Kamil Turowski, a filmmaker born and reared in Poland, received the Sherwood Anderson Foundation Award on November 21, 1998, at the annual conference of the North Carolina Writers’ Network in Winston-Salem, North Carolina. Born in the city of Lódz´, pronounced “woodj,” and hence nicknamed “HollyLódz´, because of the concentration of the Polish movie industry there, Turowski grew up exploring what he calls a polluted, grim, post-industrial region that his wife, Kasia Marciniak, refers to as a “land of darkness and obscurity.”
Forced by the political persecutions and regulations of martial law under the Communists in the early 1980s to remain in Lódz´, he took intellectual refuge at the University of Lódz´. As a student of the department of English philology, among British and American books and magazines that were inaccessible to the Polish public at large because of censorship, he completed his master’s thesis on the American non-fiction novel, “The New Journalism,” in the United States, and received a master’s of arts degree in 1989.
By that time, Turowski’s interests in visual narratives, which he had developed while writing and publishing the periodical Oko (means eye) single-handedly, had gained new ground at the National School of Film in Lódz´. There, as a student in the Cinematography Department, which was established and maintained by the state to promote socialist ideas among the masses, he used photographs to interpret some of the American texts he had studied at the University.
The still photography series, “The Road Not Taken,” transplanted Robert Frost’s classic poem from the rural United States of the turn of the century to the milieu of a modern television studio, winning the honor of the Best Still Photography Project at the School in 1990.
Two years later, Turowski’s film adaptation of Sherwood Anderson’s short story “Nobody Knows” from the collection Winesburg, Ohio received equally high praise. This interpretation in the black and white 35 mm. format transferred the literary representation of Anderson’s tale to the actual streets, courtyards, and buildings of what Turowski calls “the frighteningly devastated textures of the city of Lódz´, where smiles and happiness are seen as rarely as in the fictitious Winesburg, Ohio.”

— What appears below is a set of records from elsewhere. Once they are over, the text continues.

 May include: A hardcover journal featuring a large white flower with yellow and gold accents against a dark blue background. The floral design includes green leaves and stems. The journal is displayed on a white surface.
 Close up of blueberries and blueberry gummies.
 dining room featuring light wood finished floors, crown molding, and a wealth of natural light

Turowski and his wife first moved to Missoula, Montana, then later to Eugene, Oregon, where he presented his first film before the American public at the International Film Festival in 1994. A year later, the next screening of the film, at the American Film Institute in Los Angeles, helped Turowski win a two-year scholarship from the Kociuszko Foundation in New York, and admission into the AFI graduate Cinematography Program. Turowski continued his still photography and literary projects. His photograph “The Spirit of the Gate” depicts what he call a metaphysical “possession” of an old courtyard gate, and it won him the Mayor’s Award for the Best Photograph of the Year 1996 in Eugene. The same year, Oxford University Press and Bloomsbury published the first editions of Turowski’s Polish-to-English translation of a testimony from the Holocaust, The Diary of Dawid Sierakowiak: Five Notebooks from the Lódz´ Ghetto.

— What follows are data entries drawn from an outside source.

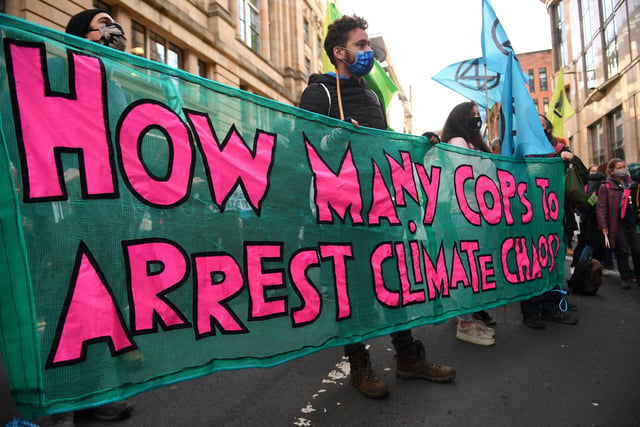 Climate activists from the Extinction Rebellion group demonstrate outside the offices of JP Morgan in Glasgow.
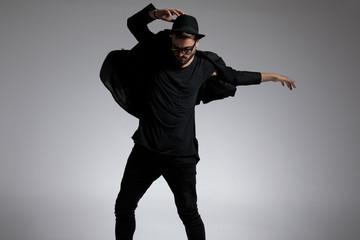 casual man wearing hat and glasses dancing with passion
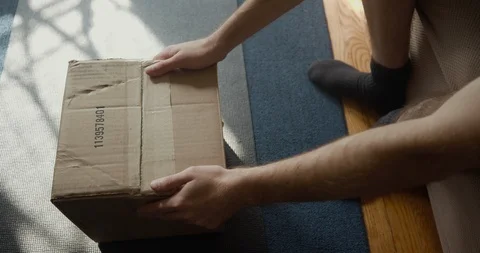 Put box down on floor and take out shoes Stock Footage 119985231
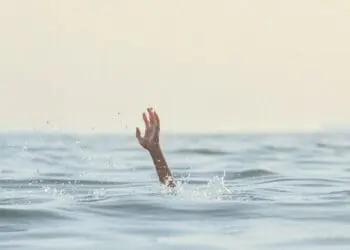person reaching for help in sea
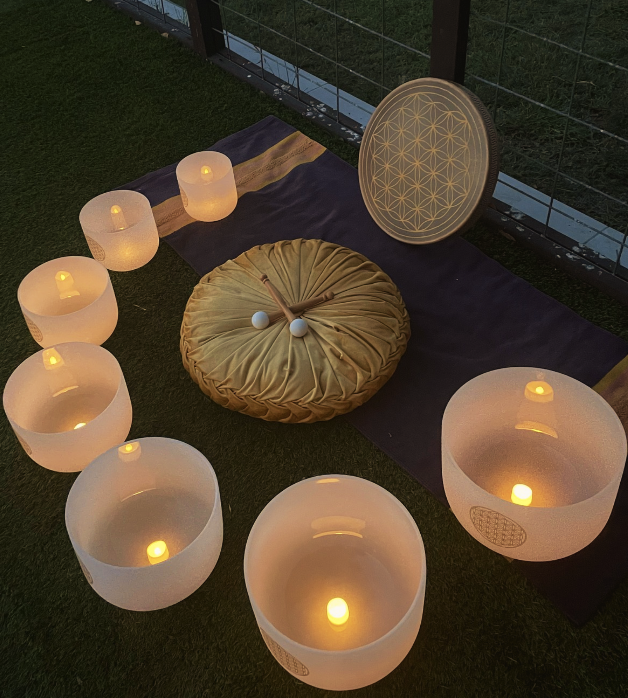Glowing singing bowls, ocean drum and sit cushion displayed in an outdoor setting at night.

Turowski graduated from the American Film Institute with a degree of Master of Fine Arts in June 1998. The Sherwood Anderson Foundation awarded him the Grant as a recognition of the originality of his film adaptation of “Nobody Knows” and as a way to support his ambitious intention to bring the entire book of Winesburg, Ohio, to the silver screen. In fall of 1998, Turowski and his wife, Kaisa, moved their primary residence from Oregon to Athens, Ohio, where Kasia began her work as a Professor of Transnational Literature at Ohio University.
In addition to his work on the adaptation of Winesburg, Ohio, at least part of which he would like to see shot in his native Lódz´, Turowski is developing a photographic project, called Eastern European Visage, and an original feature movie script.